[Stored data]
****************
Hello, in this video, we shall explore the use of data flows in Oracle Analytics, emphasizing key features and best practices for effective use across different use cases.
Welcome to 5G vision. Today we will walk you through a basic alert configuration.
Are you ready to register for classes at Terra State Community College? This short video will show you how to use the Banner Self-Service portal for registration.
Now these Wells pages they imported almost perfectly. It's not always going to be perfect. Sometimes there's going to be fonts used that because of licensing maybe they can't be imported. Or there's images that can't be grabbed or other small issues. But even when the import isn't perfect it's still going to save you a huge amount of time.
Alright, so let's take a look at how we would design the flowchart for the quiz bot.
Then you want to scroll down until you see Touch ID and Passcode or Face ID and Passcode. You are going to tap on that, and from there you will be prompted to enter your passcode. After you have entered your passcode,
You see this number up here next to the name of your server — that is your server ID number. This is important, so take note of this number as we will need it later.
****************
Task objective
What lines above contain the string "your"? Copy all of them.

Task result
Then you want to scroll down until you see Touch ID and Passcode or Face ID and Passcode. You are going to tap on that, and from there you will be prompted to enter your passcode. After you have entered your passcode,
You see this number up here next to the name of your server — that is your server ID number. This is important, so take note of this number as we will need it later.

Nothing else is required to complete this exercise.